Not anything that really should be used in the vast quantities that it is, imho. From an Eco-perspective, this really isn't a great choice. But realistically, most people will go with the familiar and not think too deeply about what products are best for the environment.

For many people it comes down to price. What will save them money. That is why I get so many calls that want to talk about blacktop vs grid. So lets put aside the environment for a minute.

What does it cost????????

Now as much as I'd love to say a sq/ft of EcoGrid is XYZ price - I'm not going to do that - because as sure as faith what will happen is someone will say "according to your blog you wrote the price is XYZ and I don't care if that was 4 years ago!!! It's on the NET!" Prices go up and down, yes down. But mostly they go up. :) So you can go to and contact them for the latest price.

How does it compare in PRICE to EcoGrid????

Well first of all, I don't know what the local prices of an asphalt driveway might be. Believe it or not the costs really vary from company to company and across the country. Call up a local company and find out. Then send us an email at TerraFirm and we'll give you a quote. Or call 1-866-934-7572 and leave a message.

Now here's the trick....

So when you call up Yer-local-asphalt guy and ask him he'll say, "oh its XY price". And then you go to the EcoGrid site and ask and maybe I'll call you and say its ABC price. And then you think ABC is more than XY. Or about the same. ... and that's as far as most people think.

Here's where the hidden price costs you money - and why pinching a penny means you're losing your pounds:

1. Asphalt needs drains. And curbs. And likely its going to need ditches. That price is not going to be included when you call up the company. Its likely that the longer your drive, the higher the price. And having spent a few hours on the phone with many people - there are more and more cities requiring drainage for parking lots... especially for small parking lots. And drains are expensive to install. And maintain.
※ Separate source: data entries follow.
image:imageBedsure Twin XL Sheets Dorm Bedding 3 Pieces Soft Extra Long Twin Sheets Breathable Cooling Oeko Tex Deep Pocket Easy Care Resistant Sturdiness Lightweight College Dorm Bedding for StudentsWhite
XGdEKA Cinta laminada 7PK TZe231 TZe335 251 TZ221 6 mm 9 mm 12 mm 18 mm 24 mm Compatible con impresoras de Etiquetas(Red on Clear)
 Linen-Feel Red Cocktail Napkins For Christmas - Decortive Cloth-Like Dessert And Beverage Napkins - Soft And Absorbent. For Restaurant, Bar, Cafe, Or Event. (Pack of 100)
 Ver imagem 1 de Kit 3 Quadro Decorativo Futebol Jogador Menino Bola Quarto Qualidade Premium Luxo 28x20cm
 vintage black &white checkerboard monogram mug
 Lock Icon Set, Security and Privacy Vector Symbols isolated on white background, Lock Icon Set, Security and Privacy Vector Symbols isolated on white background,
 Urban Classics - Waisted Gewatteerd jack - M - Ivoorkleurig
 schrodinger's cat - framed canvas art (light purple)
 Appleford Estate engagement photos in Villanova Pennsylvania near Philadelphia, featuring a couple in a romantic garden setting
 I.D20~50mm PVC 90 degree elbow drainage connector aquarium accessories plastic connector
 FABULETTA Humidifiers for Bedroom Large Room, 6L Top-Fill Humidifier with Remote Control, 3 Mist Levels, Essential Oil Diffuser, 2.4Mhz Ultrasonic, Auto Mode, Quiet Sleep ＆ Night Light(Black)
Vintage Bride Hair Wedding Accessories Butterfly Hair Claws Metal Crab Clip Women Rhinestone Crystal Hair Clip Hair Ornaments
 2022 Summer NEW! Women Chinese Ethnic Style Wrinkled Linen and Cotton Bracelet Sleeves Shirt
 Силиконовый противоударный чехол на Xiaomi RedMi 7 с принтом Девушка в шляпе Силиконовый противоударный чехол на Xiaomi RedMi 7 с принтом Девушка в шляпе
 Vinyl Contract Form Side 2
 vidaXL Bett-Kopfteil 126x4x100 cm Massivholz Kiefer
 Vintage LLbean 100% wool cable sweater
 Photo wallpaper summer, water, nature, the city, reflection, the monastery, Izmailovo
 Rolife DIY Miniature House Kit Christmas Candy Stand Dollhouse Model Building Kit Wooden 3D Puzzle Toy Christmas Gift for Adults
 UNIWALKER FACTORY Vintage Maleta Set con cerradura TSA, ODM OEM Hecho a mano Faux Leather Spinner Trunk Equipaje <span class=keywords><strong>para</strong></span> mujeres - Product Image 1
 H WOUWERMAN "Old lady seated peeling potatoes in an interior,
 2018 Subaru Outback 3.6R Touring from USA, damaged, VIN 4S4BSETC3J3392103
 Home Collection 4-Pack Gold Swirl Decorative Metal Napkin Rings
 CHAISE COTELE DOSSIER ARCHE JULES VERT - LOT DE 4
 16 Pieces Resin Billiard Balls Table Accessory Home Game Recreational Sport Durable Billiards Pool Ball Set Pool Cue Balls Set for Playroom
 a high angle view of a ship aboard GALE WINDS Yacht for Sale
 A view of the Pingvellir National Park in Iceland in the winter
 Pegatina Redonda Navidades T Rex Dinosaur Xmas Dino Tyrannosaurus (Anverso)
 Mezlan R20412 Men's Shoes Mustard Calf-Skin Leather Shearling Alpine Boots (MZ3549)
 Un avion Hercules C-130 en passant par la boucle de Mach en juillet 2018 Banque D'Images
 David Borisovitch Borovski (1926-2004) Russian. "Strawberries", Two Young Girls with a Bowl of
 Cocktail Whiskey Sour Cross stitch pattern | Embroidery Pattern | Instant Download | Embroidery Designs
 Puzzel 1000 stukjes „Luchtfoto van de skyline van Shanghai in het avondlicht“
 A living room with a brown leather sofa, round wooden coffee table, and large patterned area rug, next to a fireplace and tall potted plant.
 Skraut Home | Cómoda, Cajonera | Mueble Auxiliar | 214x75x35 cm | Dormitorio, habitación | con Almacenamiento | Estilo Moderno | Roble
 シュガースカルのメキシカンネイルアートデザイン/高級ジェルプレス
And if its not done right there's silt and muck to worry about when the drains clog up.

2. Now that you've priced the asphalt with the drains, and curbing and perhaps decided to dig the gutters yourself (or decided you'll skip those - which can lead to long term problems)... What's next? So you've got your blacktop laid down. Don't forget you can't drive on your new asphalt driveway for a few days. So first there is the PITA factor.
Six months is what it takes to cure before you should seal it. And yes... you should seal it.

- so factor in sealant in your costing factor. And wait... before you seal it you need to clean it (at least if you plan on doing it right). You shouldn't just wash it off... you actually should buy specialty cleaners. That's another cost. Here's some info on sealing your blacktop chosen from a random site. Plan on doing it every 2-3 yrs.

3. If its a new blacktop driveway or parking area you should also factor in the costs of the gravel underbase. Ideally it will need to be around 10 inches plus deep. Of course that depends on your soil etc. That's a lot of gravel and excavation... but really you want this chunk of blacktop to last.

So now you have an idea of what your real costs are - at least a ballpark - then you should look at what a grid system costs:

1 . No drains needed. You can either stagger the grid for curves and/or cut it to shape.

2. If you go with gravel - you might need to brush out the gravel - and after a few years perhaps top it up. You won't need anything near the costs of topping up a non-grid gravel driveway because the grid stops it from compacting and scattering all over.

3. If you go with grass - well you'll have to cut the grass. And water it. And for a while, just like a brand new lawn, you will have to reseed bare patches. Some landscapers suggest you over-seed for the first year or two so that weeds don't get established. Since you've done some ground prep to lay the gravel - there's less chance for weeds anyway.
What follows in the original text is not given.